A couple of years ago, I worked for a documentation software company. We made a clever software that saved doctors, lawyers and other important people like police lots of time when they were making documents.
My job was to reach new prospective customers in these large organisations with advertisements, content and experiences that:
1. Educated them about their problem
2. Positioned our products as the solution
The problem was, I was never going to fully understand every customer's problem or what they needed as a solution. I was in a small office in New Zealand and we sold to loads of different industries all over the world.
I ended up producing a lot of generic and boring stuff before I figured something out.
Industry expertise and in-depth subject matter knowledge are tools for opening doors and building trust. Without those, marketing and sales teams will struggle to provide value to prospects.

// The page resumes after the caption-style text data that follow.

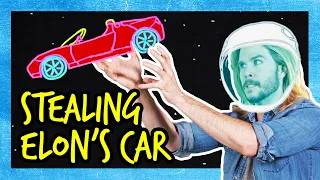 How to STEAL Elon Musk’s Space Car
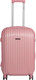 Миниатюра изображения товара Чемодан на колесах FUSION Electronics FTS-1009-S (розовый)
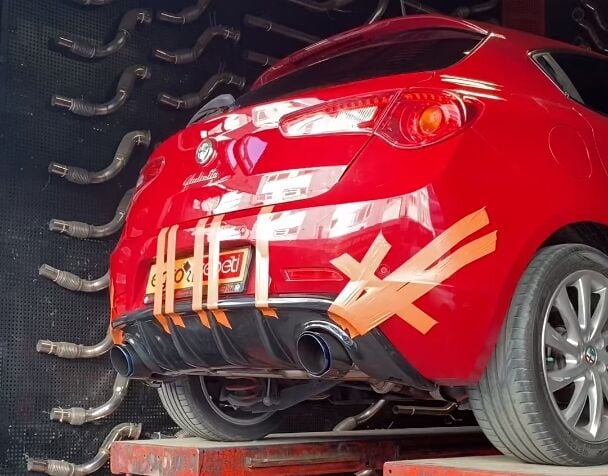 Alfa Romeo Giulietta Arka Tampon Difüzör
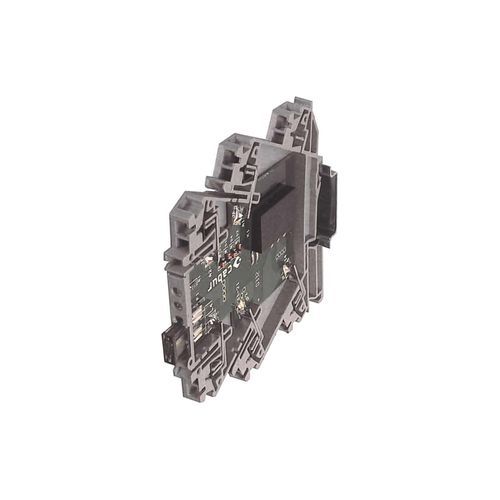 Relé eletromecânico 24 Vcc - XCKR16 - Cabur - 1 NA/NF / PNP / para trilho DIN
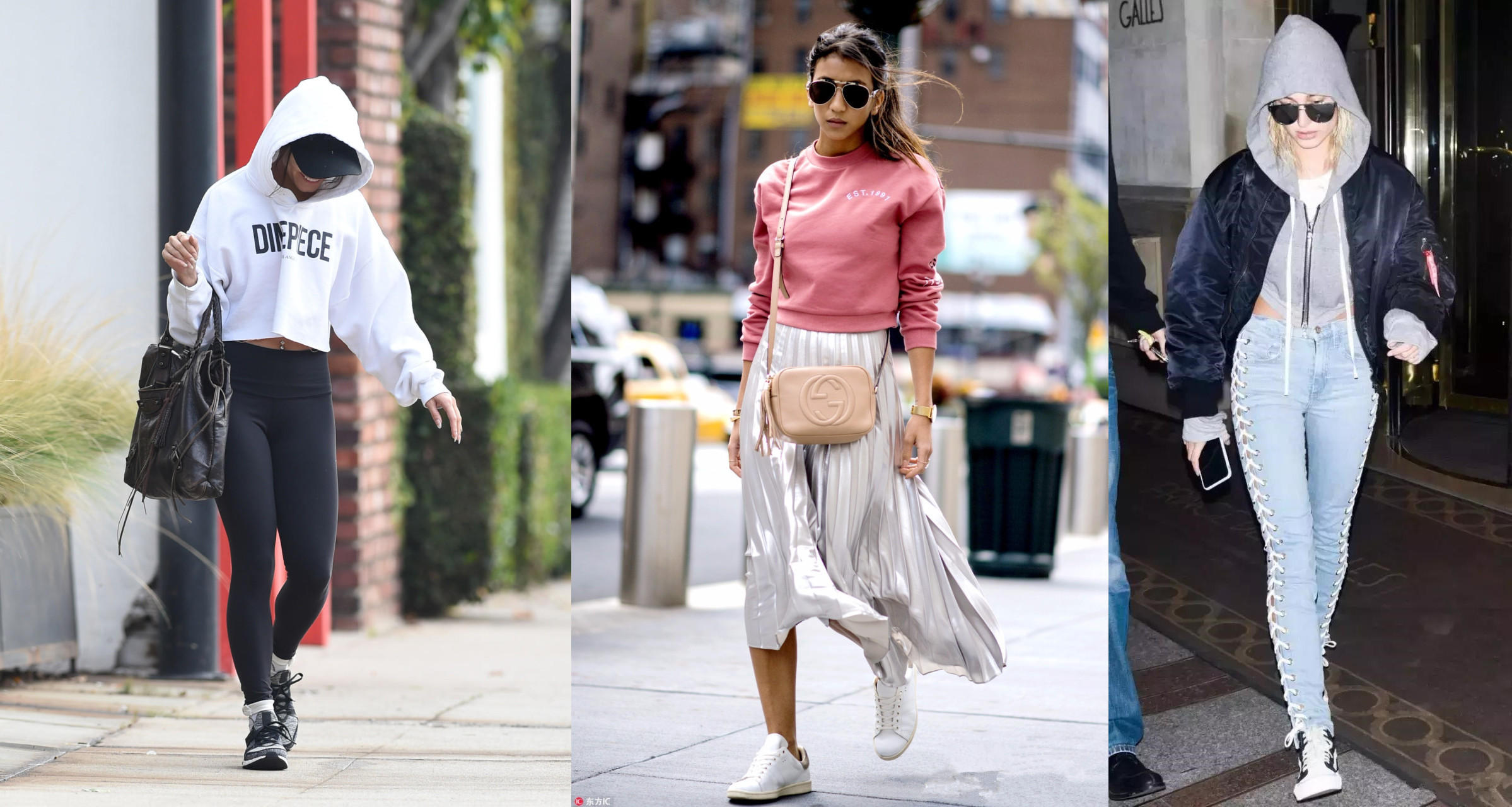 卫衣真的是好看又减龄,卫衣确实时髦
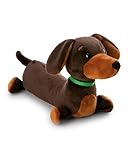 NICI Kuscheltier Dackel 35cm - braun - Weiches NICI Plüschtier –...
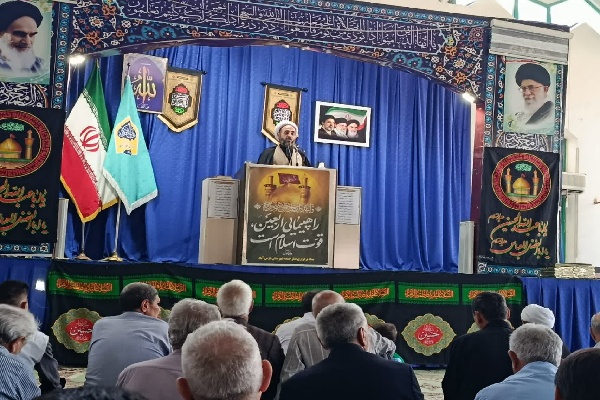 راهپیمایی اربعین نماد وحدت و اقتدار جهان اسلام است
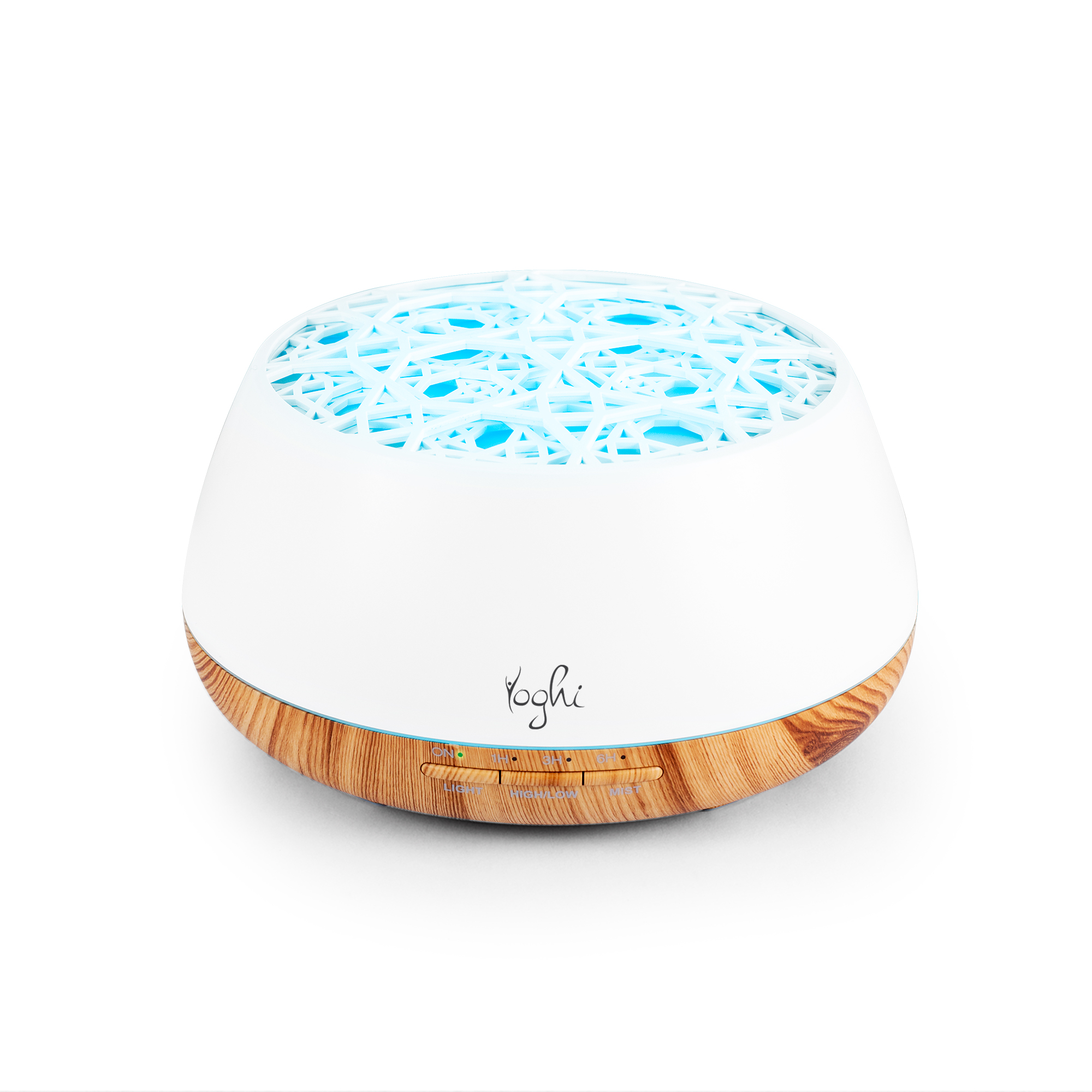 Voir la diapositive 3 : YOGHI Diffuseur d'arôme et humidificateur AROMI400 - Blanc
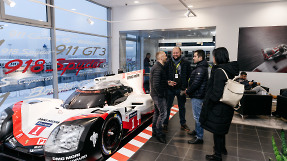 03.02.2019 Porsche Experience Winter Day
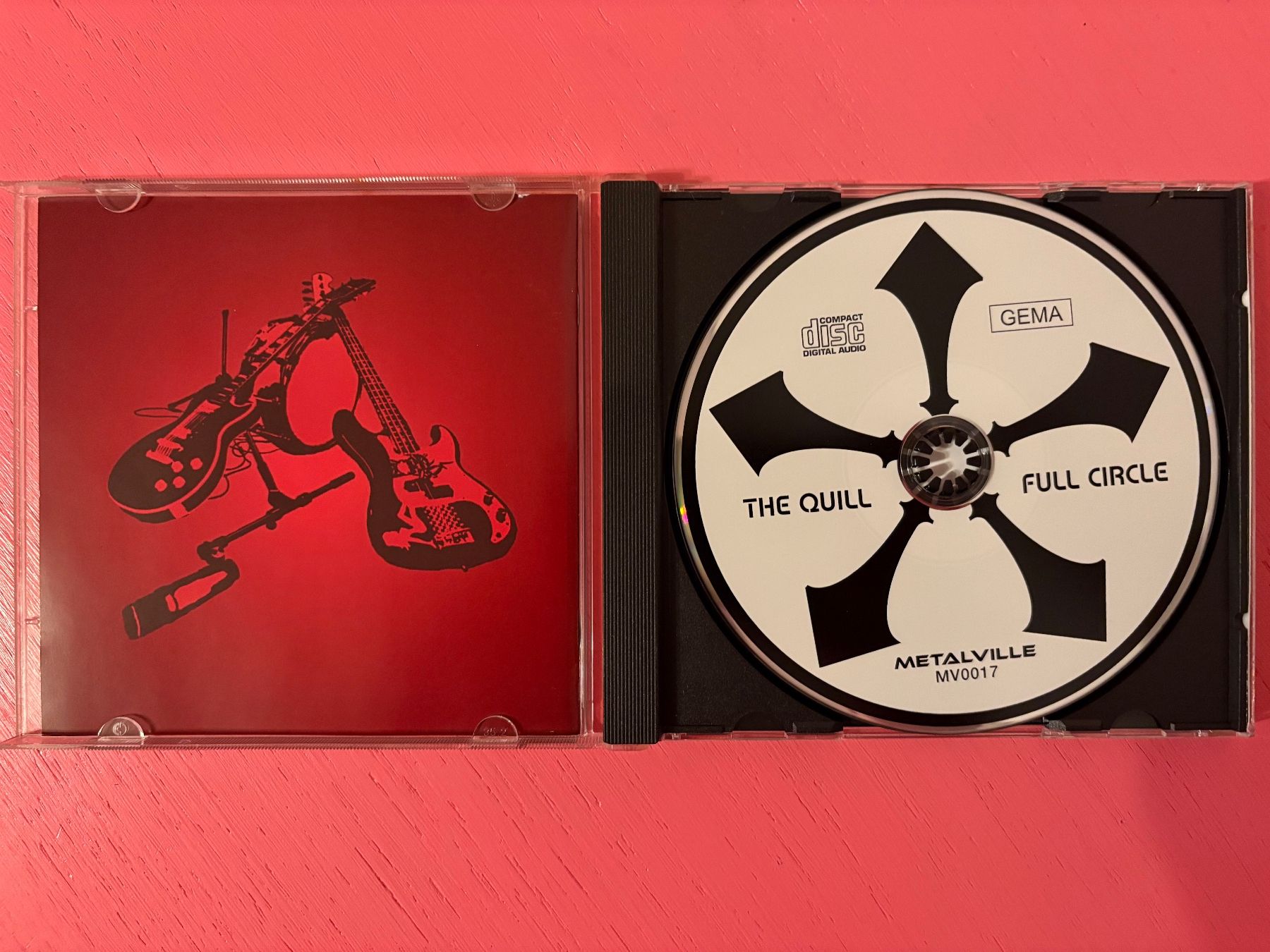 CD: The Quill - Full Circle – Usato da Lützelflüh-Goldbach venduto da Deiv4 2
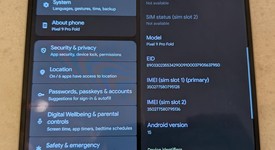 Good
													Google Pixel 9 Pro Fold - Unlocked, Porcelain, 256 GB, GGH2X, photo 3 of 10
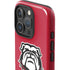 University of Georgia Bulldogs Logo iPhone 16 Pro Max Impact Case
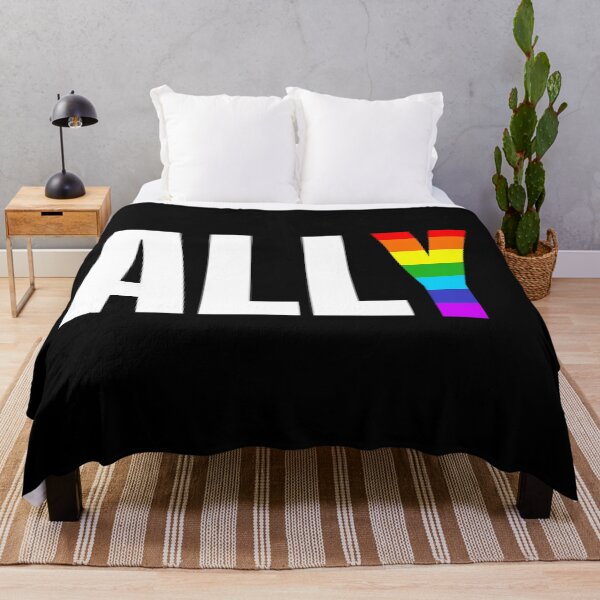Item preview, Ally Rainbow Y LGBTQ Pride Supporter designed and sold by ICANTWithoutCOFFEE.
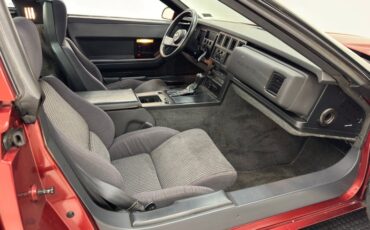 Chevrolet-Corvette-1987-Dark-Red-Metallic-Graphite-38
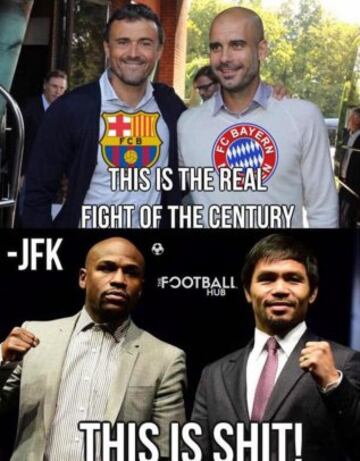 Barcelona - Bayern: los 'memes' deportivos más graciosos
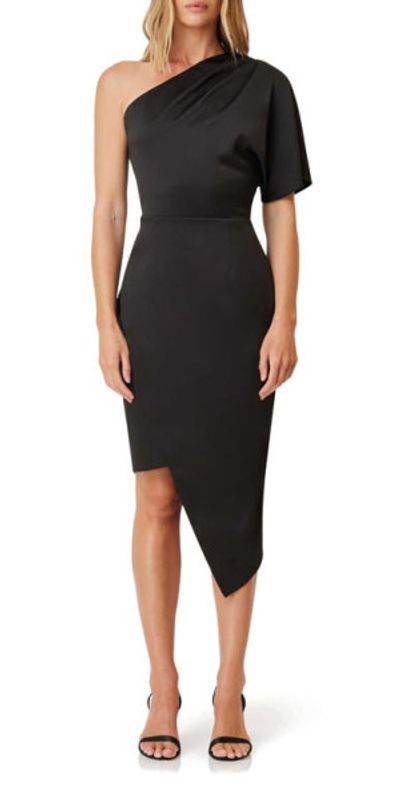 nordstrom black satin dress Women's Black Formal Dresses & Evening Gowns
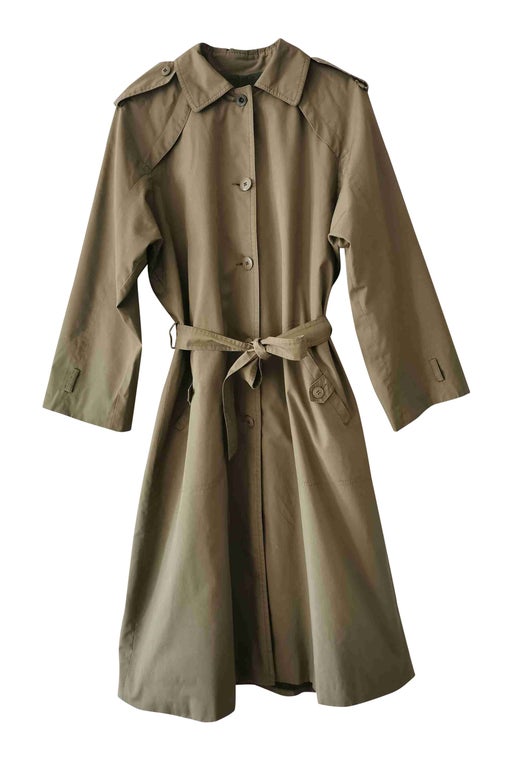 80's trench coat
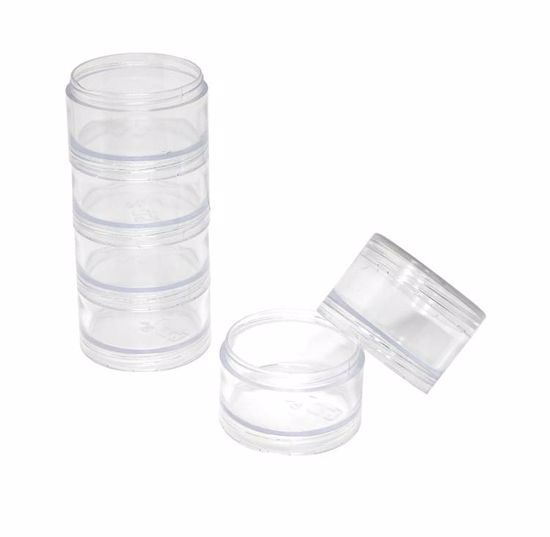 Picture of 15.148 TRAY STACKABLE 2" DIAMETER X 1"SET of 6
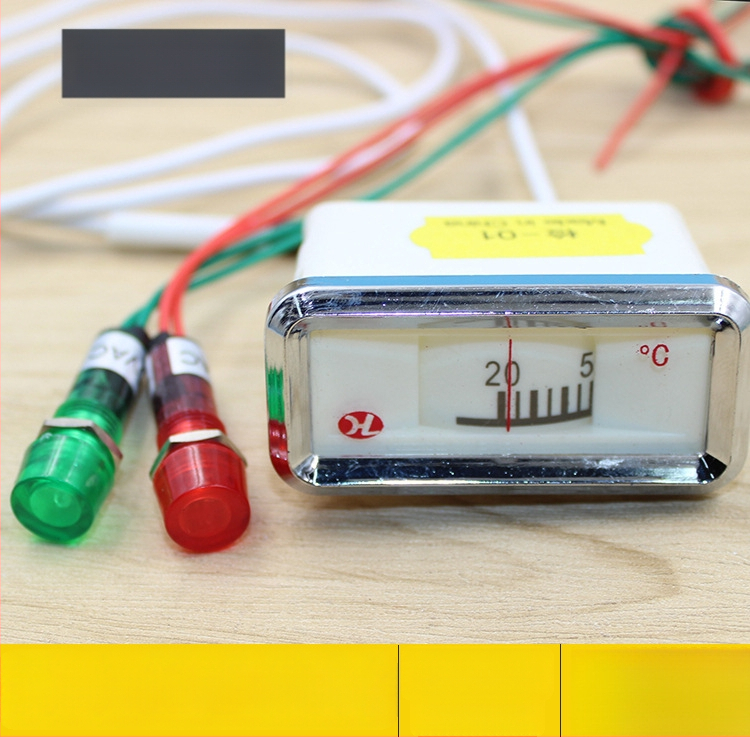 Термометър за бойлер с дисплей, диапазон 20–110 °C, аксесоар за водонагревател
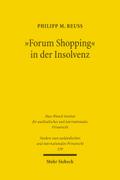 ’Forum Shopping’ in der Insolvenz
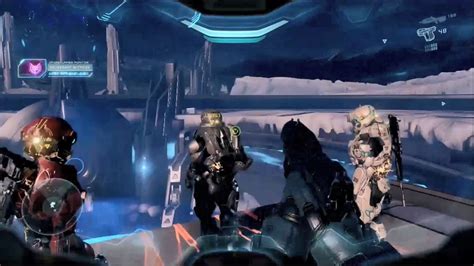 Halo 5 Playable Cutscenes Tutorial Youtube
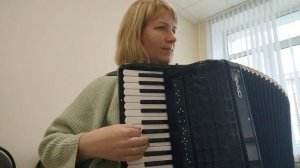 Когда - нибудь как все, я научусь прощать! Караоке под аккордеон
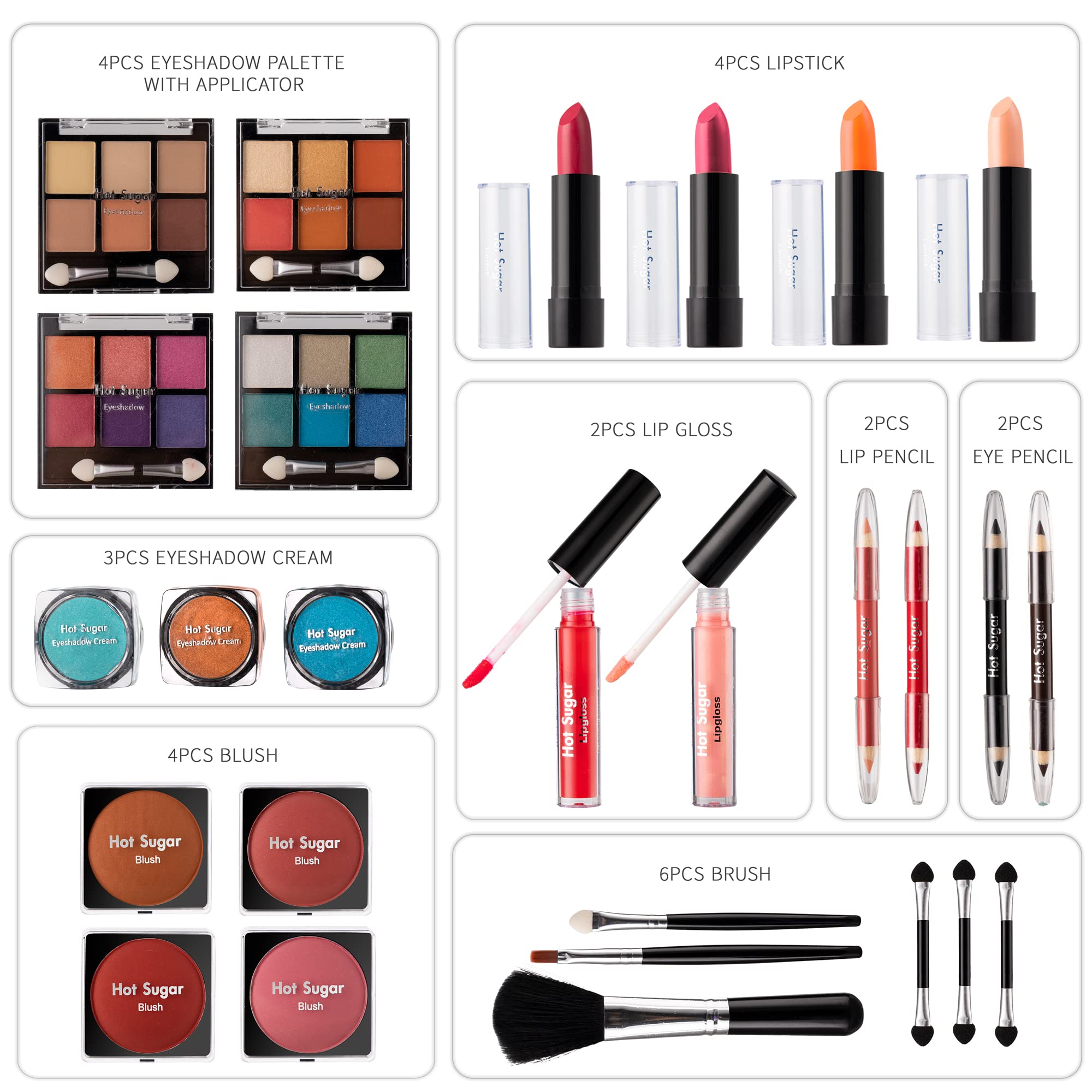 Hot Sugar lipstick delivers rich color with easy glide for teens.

Without subject matter expertise, marketing doesn't work.
The way we solved this problem was that we, as the head office, worked with customer-facing teams to build the tools they needed to reach customers. We had to give up some of our leadership on small things like exactly how a survey would run or how a client audit was put together - but marketing was able to be the overall leader of the process.
Sales provided the customer know-how, our experts provided the industry knowledge and marketing provided the leadership and marketing capability to make it all happen.
Once we nailed this process, we replicated in each region. Our marketing was much more focused and our customers valued rather than avoided it.